Dans le cadre d'un procès civil, les parties ont également l'obligation de se comporter de manière loyale. La jurisprudence de la Cour de cassation relative à l'abus de droit procédural permet ainsi au juge de sanctionner les justiciables qui utilisent la procédure d'une manière qui excède manifestement les limites d'un exercice normal par une personne prudente et diligente, en tenant compte de l'ensemble des circonstances pertinentes de l'espèce (Cass., 17 octobre 2008, C.07.0214.N; 28 juin 2013, C.12.0502.N; 2 mars 2015, C.14.0337.F; 11 juin 2015, C.14.0433.F; 26 octobre 2017, C.16.0393.N).

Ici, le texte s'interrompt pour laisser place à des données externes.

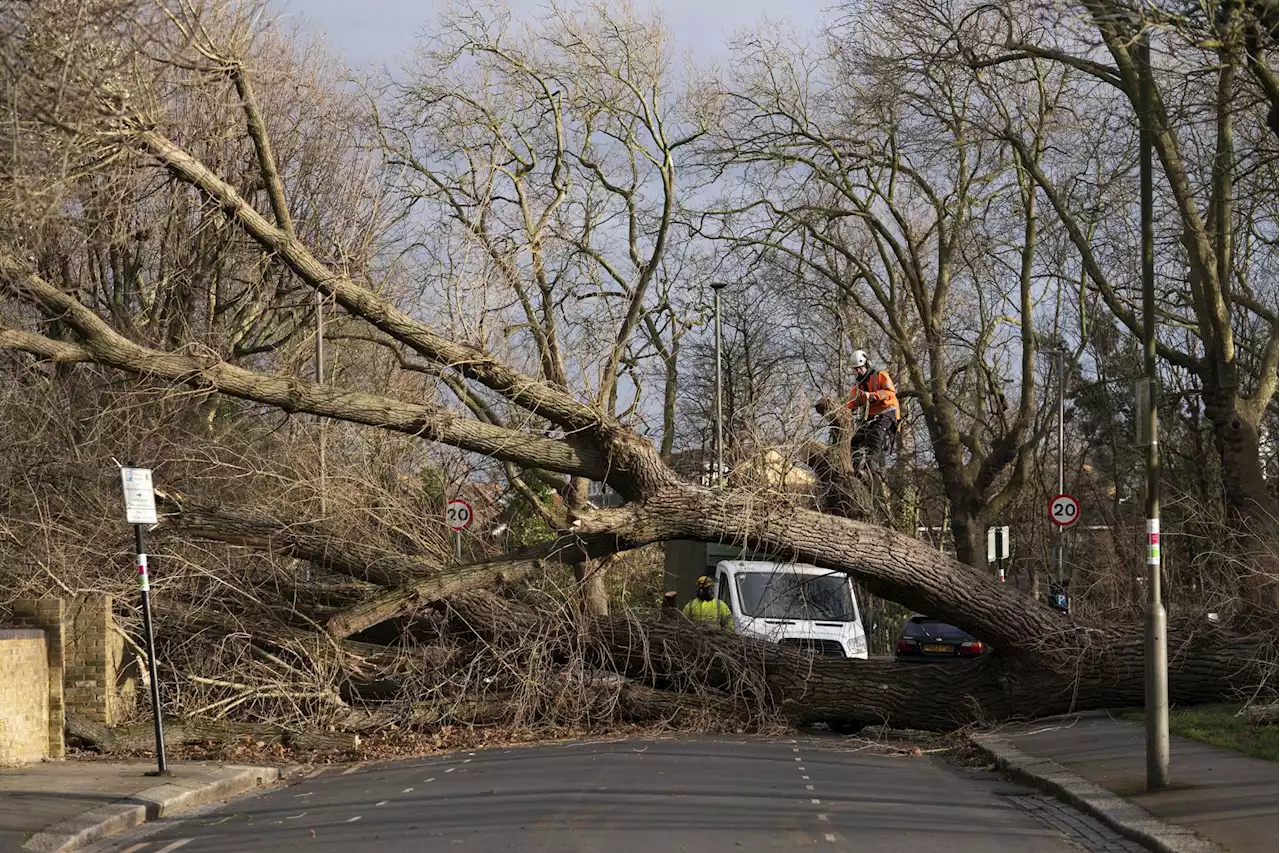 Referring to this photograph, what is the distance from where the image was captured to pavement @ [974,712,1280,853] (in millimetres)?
9031

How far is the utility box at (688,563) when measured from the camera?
2534cm

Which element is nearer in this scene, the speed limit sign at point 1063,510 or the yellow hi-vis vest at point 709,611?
the yellow hi-vis vest at point 709,611

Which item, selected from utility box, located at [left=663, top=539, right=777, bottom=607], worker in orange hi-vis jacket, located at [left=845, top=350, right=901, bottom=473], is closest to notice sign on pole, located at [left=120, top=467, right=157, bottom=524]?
worker in orange hi-vis jacket, located at [left=845, top=350, right=901, bottom=473]

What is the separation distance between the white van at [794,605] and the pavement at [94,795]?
265 inches

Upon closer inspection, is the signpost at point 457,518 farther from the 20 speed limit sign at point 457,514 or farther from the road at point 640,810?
the road at point 640,810

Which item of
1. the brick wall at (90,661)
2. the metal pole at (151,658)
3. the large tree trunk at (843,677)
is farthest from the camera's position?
the large tree trunk at (843,677)

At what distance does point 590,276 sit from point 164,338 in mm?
10834

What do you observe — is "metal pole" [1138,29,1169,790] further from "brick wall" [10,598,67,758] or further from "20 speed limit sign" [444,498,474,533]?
"brick wall" [10,598,67,758]

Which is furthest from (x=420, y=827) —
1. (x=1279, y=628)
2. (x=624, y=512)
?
(x=1279, y=628)

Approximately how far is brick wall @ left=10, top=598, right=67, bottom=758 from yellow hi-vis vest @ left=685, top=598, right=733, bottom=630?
7.62 meters

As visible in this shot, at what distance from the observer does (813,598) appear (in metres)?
20.3

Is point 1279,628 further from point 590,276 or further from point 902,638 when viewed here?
point 590,276

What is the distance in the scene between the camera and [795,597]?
19.2 metres

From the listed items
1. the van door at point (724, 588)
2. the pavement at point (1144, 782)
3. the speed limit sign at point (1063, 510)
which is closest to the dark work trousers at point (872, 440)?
the pavement at point (1144, 782) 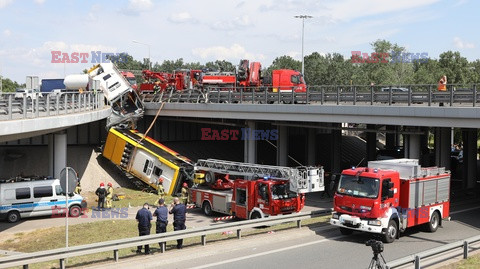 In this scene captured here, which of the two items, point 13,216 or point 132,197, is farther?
point 132,197

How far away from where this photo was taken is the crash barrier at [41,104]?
Result: 796 inches

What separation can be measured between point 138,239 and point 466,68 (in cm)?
10216

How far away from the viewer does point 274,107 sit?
3034 centimetres

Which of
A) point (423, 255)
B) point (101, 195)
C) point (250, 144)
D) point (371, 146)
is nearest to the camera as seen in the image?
point (423, 255)

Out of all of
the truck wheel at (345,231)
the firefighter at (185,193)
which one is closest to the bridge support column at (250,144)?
the firefighter at (185,193)

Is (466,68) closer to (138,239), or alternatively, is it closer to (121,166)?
(121,166)

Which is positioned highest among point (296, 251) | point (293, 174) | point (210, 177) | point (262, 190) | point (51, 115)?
point (51, 115)

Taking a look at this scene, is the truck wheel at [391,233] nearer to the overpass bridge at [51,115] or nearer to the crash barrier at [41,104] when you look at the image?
the overpass bridge at [51,115]

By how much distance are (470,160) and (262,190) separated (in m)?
17.8

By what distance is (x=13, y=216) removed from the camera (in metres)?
24.2

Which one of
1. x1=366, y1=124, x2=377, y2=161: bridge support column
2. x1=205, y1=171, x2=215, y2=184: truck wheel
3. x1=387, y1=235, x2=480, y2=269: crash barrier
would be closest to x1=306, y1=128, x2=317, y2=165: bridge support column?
x1=366, y1=124, x2=377, y2=161: bridge support column

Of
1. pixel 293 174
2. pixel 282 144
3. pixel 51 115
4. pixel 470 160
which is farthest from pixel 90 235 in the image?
pixel 470 160

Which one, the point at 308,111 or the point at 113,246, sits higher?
the point at 308,111

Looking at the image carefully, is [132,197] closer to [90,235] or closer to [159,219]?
[90,235] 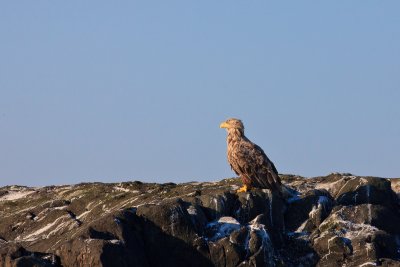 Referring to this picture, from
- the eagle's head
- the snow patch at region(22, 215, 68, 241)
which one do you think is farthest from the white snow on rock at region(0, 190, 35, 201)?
the eagle's head

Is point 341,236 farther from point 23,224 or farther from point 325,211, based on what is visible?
point 23,224

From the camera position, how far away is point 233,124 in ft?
132

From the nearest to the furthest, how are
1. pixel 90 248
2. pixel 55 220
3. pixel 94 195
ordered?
pixel 90 248
pixel 55 220
pixel 94 195

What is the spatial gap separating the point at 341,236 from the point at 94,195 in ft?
39.3

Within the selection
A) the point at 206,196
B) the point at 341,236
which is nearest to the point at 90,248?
the point at 206,196

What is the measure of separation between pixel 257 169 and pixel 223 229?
11.0 feet

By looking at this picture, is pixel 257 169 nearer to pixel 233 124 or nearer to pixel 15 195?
pixel 233 124

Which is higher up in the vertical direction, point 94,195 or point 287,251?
point 94,195

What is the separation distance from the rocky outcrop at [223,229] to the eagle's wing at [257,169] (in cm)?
36

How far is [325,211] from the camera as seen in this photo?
39.4m

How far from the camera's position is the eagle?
39375 mm

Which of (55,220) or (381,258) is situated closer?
(381,258)

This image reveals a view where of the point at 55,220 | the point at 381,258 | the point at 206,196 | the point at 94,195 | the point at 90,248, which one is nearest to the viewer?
the point at 90,248

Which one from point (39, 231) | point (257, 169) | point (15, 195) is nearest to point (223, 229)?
point (257, 169) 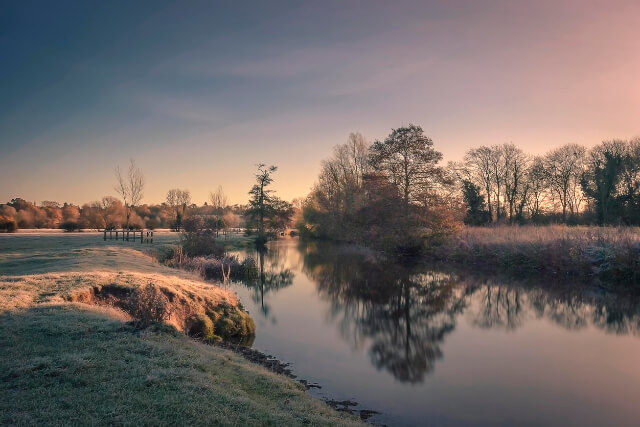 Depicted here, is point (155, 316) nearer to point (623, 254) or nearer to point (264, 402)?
point (264, 402)

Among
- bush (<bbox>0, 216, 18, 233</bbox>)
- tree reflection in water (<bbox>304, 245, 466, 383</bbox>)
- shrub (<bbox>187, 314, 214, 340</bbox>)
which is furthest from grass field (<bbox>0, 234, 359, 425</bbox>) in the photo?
bush (<bbox>0, 216, 18, 233</bbox>)

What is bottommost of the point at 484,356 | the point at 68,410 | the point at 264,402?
the point at 484,356

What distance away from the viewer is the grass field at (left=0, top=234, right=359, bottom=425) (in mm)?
4945

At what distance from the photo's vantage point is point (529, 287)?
20.4 meters

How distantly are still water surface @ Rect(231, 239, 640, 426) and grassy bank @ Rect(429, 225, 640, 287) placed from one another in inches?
123

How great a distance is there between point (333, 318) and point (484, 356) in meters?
6.12

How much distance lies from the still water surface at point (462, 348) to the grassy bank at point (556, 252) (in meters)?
3.12

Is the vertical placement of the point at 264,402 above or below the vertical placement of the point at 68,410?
below

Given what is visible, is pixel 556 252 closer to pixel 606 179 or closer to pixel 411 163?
pixel 411 163

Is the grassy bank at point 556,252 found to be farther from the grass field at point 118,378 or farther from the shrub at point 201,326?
the grass field at point 118,378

L'article 780bis du Code judiciaire permet encore la condamnation à une amende civile de la partie qui utilise la procédure à des fins manifestement dilatoires ou abusives, sans préjudice d'éventuels dommages et intérêts.

B.7.2. Compte tenu de ce qui précède, il n'est pas porté une atteinte disproportionnée aux droits du justiciable qui, dans le cadre d'un procès civil, est confronté à l'inertie de celui qui prétend être son créancier.

B.8. Par identité de motifs, l'interruption de la prescription jusqu'au prononcé d'une décision définitive n'implique nullement, en soi, un dépassement du délai raisonnable qui serait contraire à l'article 6 de la Convention européenne des droits de l'homme. Le cas échéant, il appartient au juge a quo d'examiner si, compte tenu des éléments de fait propres au litige, le délai raisonnable n'a pas été dépassé dans une affaire donnée.

B.9. La question préjudicielle appelle une réponse négative.

Par ces motifs, la Cour dit pour droit : L'article 2244, § 1er, alinéa 2, du Code civil ne viole pas les articles 10 et 11 de la Constitution, lus ou non en combinaison avec l'article 6 de la Convention européenne des droits de l'homme.

Ainsi rendu en langue française et en langue néerlandaise, conformément à l'article 65 de la loi spéciale du 6 janvier 1989 sur la Cour constitutionnelle, le 3 juillet 2019.